Contents
If you do not see an answer to your question on this page, please try checking the manual, or use the Contact Form.
- How is QSF different to other spam filters?
- How do I set up QSF to filter my email?
- Why does initial training take so long?
How is QSF different to other spam filters?
QSF's targets are speed, accuracy, and simplicity. So:
- It is small and is written in C so it starts up quickly, unlike filters written in Perl.
- It understands MIME and HTML, so it can intelligently deal with "modern" spam, unlike older Bayesian filters such as
ifile
. - It runs as an inline filter rather than as a daemon, so it is simple to install.
- It is written to do only one job - decide whether an email is spam or not using the content of the message alone - so it is less complex than filters such as SpamAssassin. Less complexity means bugs and security problems are less likely.
- As well as words and word pairs, QSF also spots special patterns in email such as runs of gibberish, HTML comments embedded in text, and other common spam giveaways, and its flexible tokeniser allows more patterns to be added as spammers change their tactics.
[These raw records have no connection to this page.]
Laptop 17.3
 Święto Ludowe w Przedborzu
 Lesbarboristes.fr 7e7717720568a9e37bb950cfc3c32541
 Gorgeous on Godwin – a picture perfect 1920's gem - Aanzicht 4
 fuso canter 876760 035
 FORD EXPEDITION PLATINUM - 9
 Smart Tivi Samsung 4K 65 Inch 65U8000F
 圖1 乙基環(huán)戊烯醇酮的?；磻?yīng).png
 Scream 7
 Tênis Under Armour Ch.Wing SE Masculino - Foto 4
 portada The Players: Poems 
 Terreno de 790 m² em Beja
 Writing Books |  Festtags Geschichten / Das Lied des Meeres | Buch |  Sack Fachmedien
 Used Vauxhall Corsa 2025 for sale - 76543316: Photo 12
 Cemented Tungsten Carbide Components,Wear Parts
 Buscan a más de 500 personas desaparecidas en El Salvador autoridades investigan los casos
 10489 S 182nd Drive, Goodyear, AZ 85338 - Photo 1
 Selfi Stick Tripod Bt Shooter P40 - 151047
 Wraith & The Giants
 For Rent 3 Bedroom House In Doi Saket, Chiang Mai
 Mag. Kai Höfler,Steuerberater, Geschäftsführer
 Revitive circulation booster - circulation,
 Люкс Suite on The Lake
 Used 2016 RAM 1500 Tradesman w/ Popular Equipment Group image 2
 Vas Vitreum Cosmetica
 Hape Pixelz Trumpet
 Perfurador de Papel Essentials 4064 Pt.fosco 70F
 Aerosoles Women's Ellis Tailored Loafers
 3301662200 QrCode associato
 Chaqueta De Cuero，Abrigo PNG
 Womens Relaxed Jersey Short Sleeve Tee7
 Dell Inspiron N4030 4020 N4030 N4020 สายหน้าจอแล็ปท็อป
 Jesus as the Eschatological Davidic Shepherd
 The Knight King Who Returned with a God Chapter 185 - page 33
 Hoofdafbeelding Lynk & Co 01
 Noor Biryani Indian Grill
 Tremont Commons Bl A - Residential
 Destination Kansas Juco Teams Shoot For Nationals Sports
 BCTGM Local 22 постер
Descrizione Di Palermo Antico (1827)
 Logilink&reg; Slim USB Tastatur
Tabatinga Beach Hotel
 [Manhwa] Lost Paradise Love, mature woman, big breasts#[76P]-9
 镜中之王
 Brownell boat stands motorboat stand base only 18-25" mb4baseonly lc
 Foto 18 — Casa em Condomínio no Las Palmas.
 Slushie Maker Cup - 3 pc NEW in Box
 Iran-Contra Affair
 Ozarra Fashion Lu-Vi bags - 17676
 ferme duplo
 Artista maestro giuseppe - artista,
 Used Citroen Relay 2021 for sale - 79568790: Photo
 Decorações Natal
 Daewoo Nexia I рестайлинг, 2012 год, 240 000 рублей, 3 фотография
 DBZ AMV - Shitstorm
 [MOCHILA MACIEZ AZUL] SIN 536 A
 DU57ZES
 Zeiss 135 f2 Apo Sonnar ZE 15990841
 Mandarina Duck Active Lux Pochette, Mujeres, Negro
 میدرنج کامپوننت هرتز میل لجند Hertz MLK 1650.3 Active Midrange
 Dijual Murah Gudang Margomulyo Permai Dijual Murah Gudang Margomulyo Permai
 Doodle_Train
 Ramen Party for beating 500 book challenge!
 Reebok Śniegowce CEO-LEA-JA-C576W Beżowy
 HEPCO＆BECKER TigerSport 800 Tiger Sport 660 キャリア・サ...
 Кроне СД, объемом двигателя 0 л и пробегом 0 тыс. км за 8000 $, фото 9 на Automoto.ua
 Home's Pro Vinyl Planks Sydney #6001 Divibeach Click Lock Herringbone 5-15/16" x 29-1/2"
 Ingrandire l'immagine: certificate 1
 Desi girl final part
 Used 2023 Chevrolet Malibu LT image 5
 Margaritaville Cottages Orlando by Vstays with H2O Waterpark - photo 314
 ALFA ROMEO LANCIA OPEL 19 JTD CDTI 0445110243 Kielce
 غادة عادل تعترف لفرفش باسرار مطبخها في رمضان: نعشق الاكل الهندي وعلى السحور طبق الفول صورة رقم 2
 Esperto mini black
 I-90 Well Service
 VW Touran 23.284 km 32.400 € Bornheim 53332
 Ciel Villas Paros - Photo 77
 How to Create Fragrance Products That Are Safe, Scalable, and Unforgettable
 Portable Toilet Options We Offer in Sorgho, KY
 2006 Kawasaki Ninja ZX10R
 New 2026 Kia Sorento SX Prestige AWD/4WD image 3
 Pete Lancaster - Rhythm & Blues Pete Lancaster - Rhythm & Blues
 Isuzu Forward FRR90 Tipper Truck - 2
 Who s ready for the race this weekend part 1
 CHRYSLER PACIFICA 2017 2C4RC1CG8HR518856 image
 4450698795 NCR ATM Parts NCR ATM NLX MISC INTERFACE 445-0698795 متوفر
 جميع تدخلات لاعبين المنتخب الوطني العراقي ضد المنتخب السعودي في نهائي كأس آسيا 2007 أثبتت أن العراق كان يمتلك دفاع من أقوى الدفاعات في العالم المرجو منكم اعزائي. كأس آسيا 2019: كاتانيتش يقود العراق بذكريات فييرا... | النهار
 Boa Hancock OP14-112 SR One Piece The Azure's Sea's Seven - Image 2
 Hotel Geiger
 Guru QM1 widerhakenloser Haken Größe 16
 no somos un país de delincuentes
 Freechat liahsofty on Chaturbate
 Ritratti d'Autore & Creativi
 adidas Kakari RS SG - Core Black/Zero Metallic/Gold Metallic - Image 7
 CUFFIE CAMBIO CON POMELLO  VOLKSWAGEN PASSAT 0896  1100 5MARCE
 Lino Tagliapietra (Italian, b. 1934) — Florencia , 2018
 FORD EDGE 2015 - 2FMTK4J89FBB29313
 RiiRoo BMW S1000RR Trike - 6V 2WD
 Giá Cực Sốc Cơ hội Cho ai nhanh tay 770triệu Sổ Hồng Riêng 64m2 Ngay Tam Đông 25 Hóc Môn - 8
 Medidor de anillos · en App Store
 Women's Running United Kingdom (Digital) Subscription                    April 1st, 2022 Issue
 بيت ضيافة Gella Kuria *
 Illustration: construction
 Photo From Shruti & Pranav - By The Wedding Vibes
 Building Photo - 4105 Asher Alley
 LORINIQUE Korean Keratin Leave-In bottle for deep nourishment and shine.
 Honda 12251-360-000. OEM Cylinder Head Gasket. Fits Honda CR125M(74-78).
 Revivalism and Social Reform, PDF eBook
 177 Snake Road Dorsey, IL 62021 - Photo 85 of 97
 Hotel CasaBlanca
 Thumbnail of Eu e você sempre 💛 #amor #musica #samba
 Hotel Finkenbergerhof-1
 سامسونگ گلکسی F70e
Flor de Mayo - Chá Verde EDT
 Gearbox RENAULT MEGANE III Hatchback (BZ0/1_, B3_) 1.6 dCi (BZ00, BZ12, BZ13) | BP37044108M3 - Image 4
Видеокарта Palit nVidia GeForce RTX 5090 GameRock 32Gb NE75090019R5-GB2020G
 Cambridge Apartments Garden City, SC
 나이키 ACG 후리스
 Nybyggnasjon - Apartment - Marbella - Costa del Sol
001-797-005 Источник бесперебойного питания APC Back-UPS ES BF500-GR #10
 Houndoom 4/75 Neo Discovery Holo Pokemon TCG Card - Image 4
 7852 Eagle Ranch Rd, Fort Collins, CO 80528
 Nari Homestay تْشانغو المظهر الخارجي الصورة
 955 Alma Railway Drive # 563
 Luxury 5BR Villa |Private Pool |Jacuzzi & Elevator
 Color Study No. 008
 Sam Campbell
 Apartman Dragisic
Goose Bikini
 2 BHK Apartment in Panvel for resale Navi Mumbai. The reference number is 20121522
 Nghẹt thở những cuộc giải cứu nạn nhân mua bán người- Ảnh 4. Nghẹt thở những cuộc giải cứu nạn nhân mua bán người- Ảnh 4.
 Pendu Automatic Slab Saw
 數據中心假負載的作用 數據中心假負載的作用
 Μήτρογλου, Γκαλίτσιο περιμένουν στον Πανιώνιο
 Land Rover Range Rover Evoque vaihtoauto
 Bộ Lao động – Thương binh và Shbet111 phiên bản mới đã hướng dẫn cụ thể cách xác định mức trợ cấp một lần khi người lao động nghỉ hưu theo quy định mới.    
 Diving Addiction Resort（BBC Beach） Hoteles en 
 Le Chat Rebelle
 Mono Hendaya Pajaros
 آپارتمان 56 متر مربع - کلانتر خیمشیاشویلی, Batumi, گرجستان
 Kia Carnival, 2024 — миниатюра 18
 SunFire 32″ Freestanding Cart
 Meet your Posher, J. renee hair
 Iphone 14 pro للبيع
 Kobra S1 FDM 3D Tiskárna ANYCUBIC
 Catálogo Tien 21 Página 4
- It can be compiled to depend on no external libraries other than the C library, or it can use GDBM, MySQL, or SQLite for storage.
If QSF does not meet your needs, try looking at the resources page for other spam filters, or make a suggestion using the Contact Form.
How do I set up QSF to filter my email?
First, determine where you are going to do your filtering.
- If you will be filtering email as it arrives in your server mailbox, you will need Unix shell access to the server it arrives on.
- If you will be filtering email as it arrives in your mailbox on your workstation, then you will need to make sure it is delivered normally to your system spool file (eg using fetchmail).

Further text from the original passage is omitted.